Descriptive data also suggest that principals believed they could objectively evaluate teachers; more than three-quarters of principals strongly agreed with the statement: “I know who the more and less effective teachers are in my school.”
At the same time, less than half agreed with the statement: “Anyone can learn to be an effective teacher.” This suggests that principals had strong prior perceptions about teachers, and that principals did not believe training could help all teachers.
Details of the intervention
In 2007, the New York City Department of Education enacted a suite of policies to give principals more decision-making power to improve student performance. The Department also instituted a new accountability system that, depending on school performance, could result in principal bonuses of up to $25,000 or dismissal.
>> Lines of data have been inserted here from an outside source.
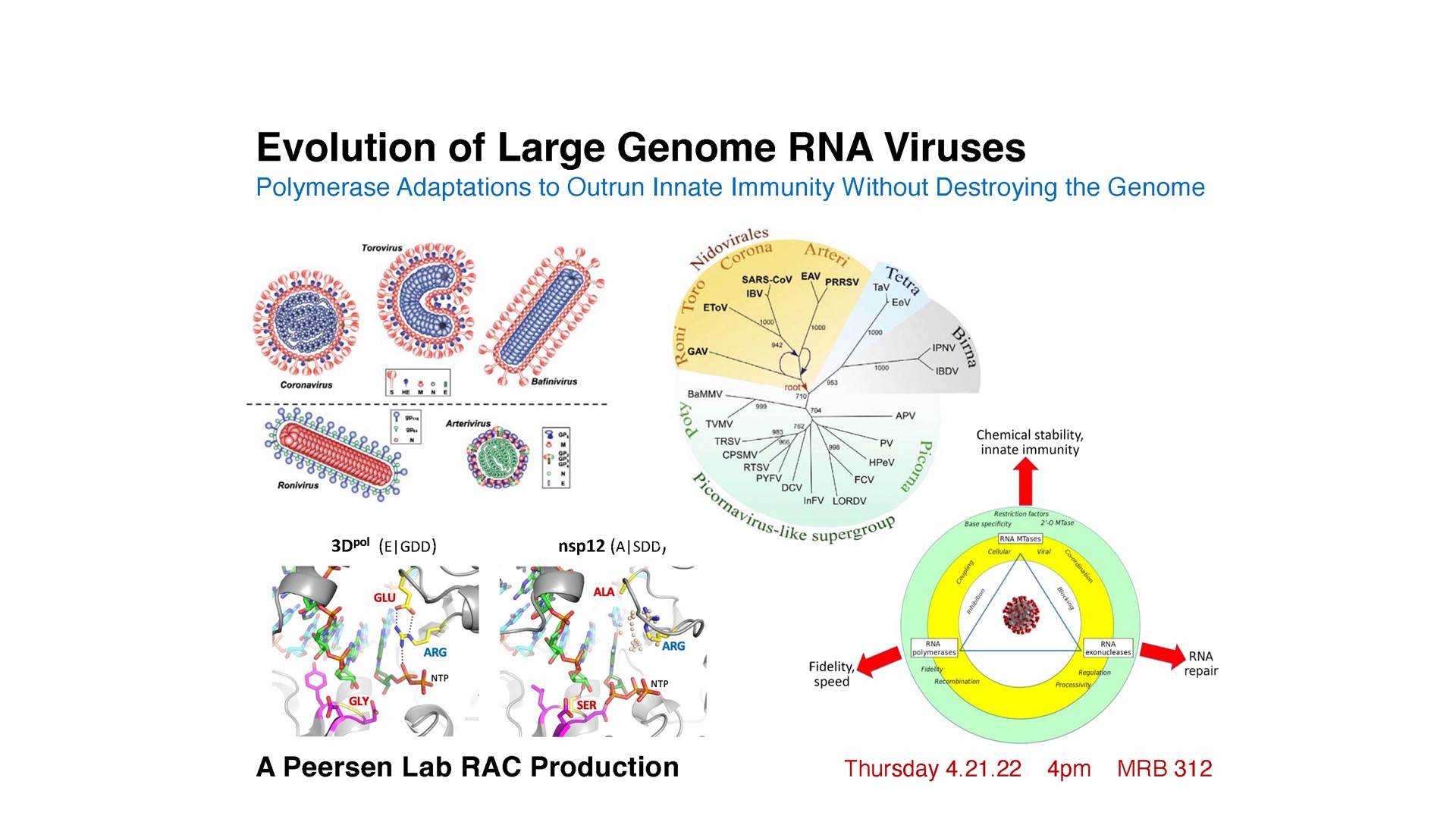 RAC – Evolution of Large Genome RNA Viruses Polymerase Adaptations to ...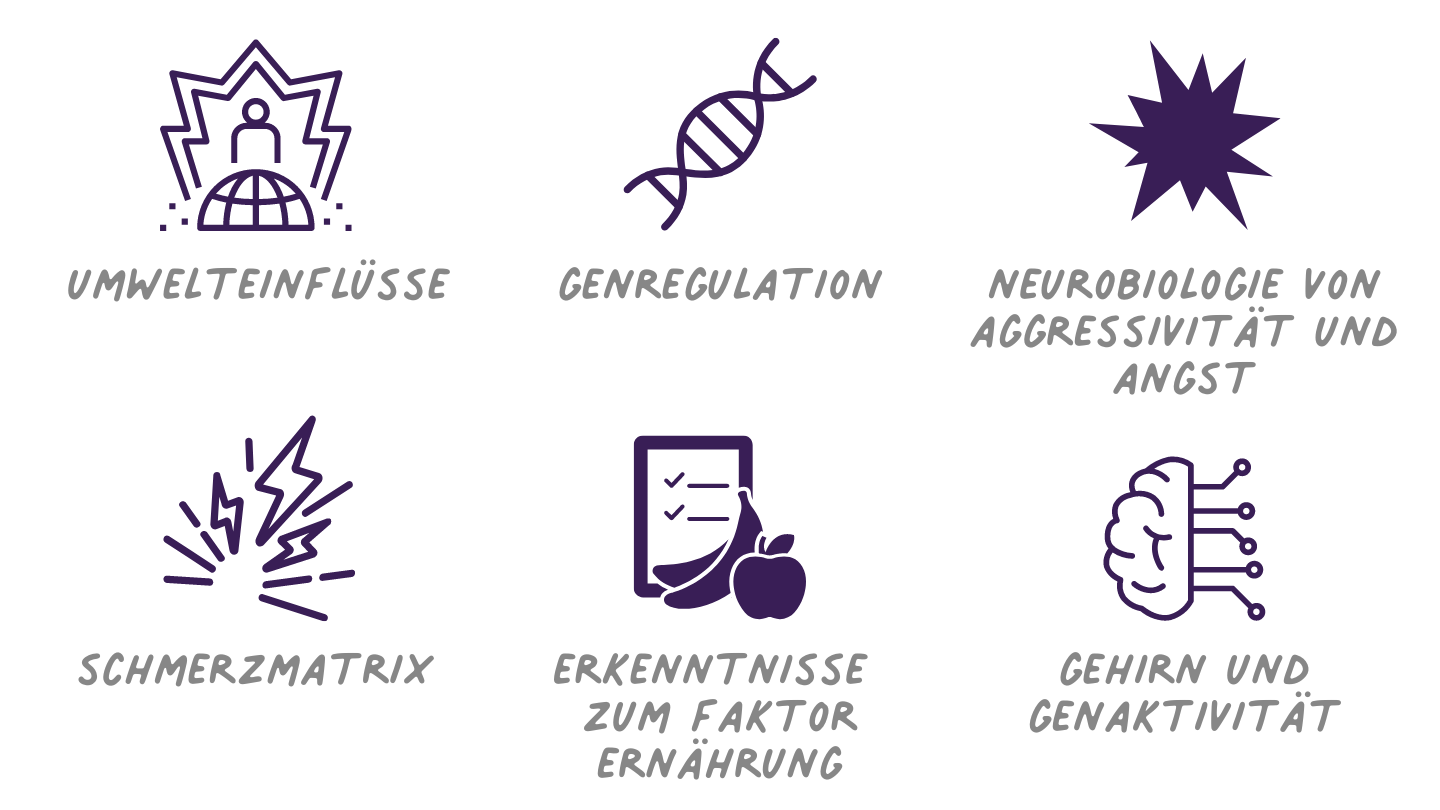 Gene und Gehirn - Epigenetik der 2. genetische Code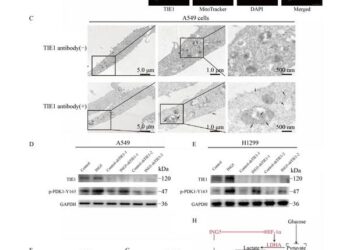New Insights: ING5 Disrupts Aerobic Glycolysis in Lung Cancer Cells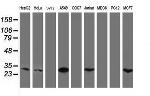 MTIF3 Antibody in Western Blot (WB)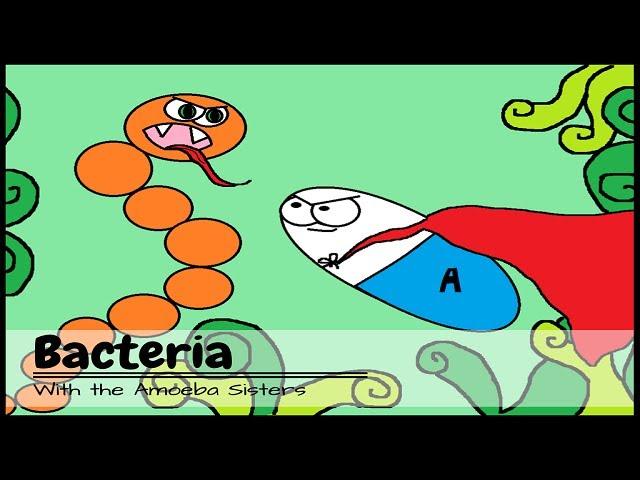 (OLD VIDEO) Bacteria: The Good, The Bad, The Kinda Gross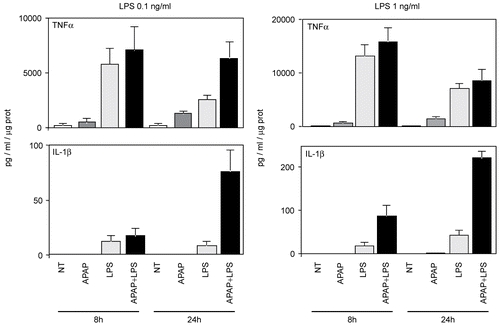Figure 2.  Effect of LPS on TNFα and IL-1β production induced by APAP in RAW264.7 cells. RAW264.7 cells were treated with APAP alone (1 mM), LPS (0.1 or 1.0 ng/ml) alone, or with APAP and LPS for 8 or 24 hr. Supernatants were collected and analysed for cytokine production by ELISA. Values (expressed as pg/ml/μg protein) are mean ± SD of the three independent experiments shown in Table 1.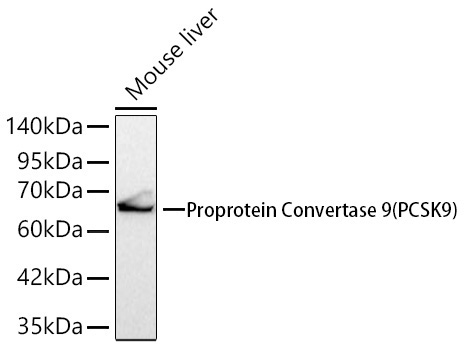 Proprotein Convertase 9(PCSK9) Rabbit Monoclonal Antibody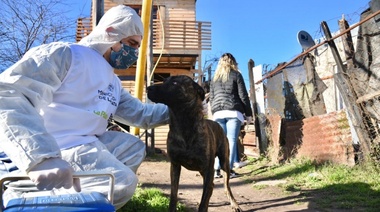 Un hombre de 44 años murió en La Plata y confirmaron 50 nuevos contagios de coronavirus en la región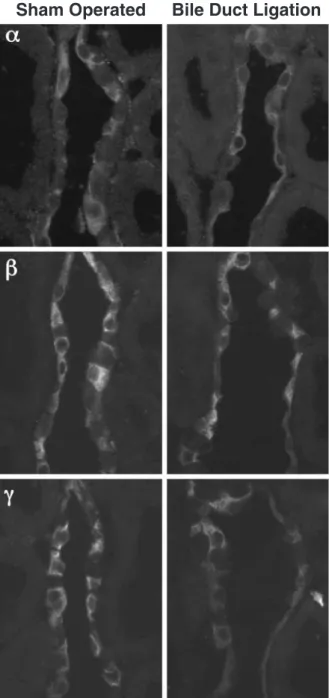 Fig. 7. Immunohistochemical detection of NCC in DCT proﬁles, sham-operated rats (left column) and BDL rats (right column) at week 1 (upper row), and week 2 (lower row); cryosections immunostained by rabbit-anti-rat bENaC antibody followed by a Cy3-conjugat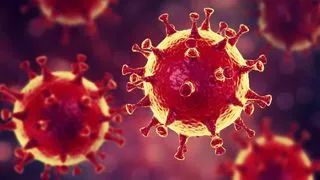 an illustration of the MERS virus, a type of coronavirus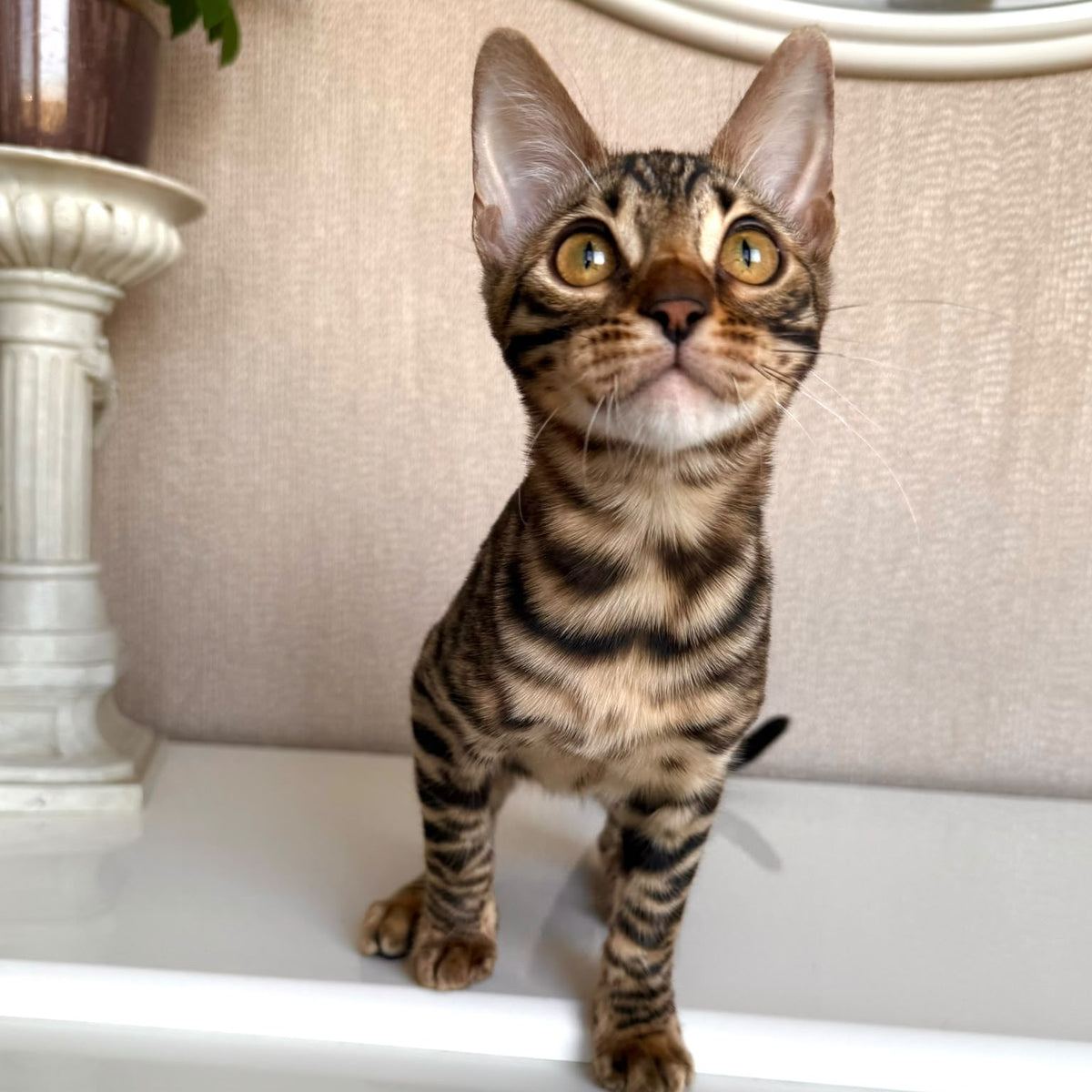 Genesis Bengal female, black spotted tabby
To assist principals with their newfound autonomy and responsibility, the Department also offered them the opportunity to receive teacher “value-added” (i.e. impacts on student test scores) estimates. Each teacher was compared to “peer” teachers citywide, with similar levels of teaching experience working in classrooms with similar student composition.
Researchers collaborated with the Department to design a randomized evaluation around the 223 principals who completed a baseline survey in August 2007 which solicited principals’ evaluations of their teachers. Of the 223, researchers grouped principals based on school configuration (elementary, middle, and kindergarten through eighth grade) and randomly selected 112 to receive value-added reports, conditional on the principal’s attendance at a training session organized by the researchers. The remaining principals received no information and served as the control group.
In May 2008, after the intervention, researchers again surveyed principals on their evaluations of teachers to determine to what extent and how the reports had been used.
Results and policy lessons
Principals found reports useful and changed their evaluations accordingly.
Program take-up: Principals provided largely correct answers to survey questions testing their understanding of the reports, and 85 percent rated reports as either “useful” or “very useful.”
Perceptions: Principals’ prior teacher perceptions were more in line with valued-added information when they had supervised the teacher for a longer period of time. Additionally, principals were more likely to change their evaluations in response to value-added estimates if their prior perceptions proved imprecise. This suggests that value-added estimates provide principals with useful, but not overly influential information.
Turnover and student achievement: Researchers also observed some instances of more exiting by teachers with lower value-added estimates, as well as marginal improvements in student test scores within the treatment group. However, these results are not statistically significant.
These results suggest that standardized teacher performance data are useful, and that government provision of evaluations can help overcome otherwise costly information gathering.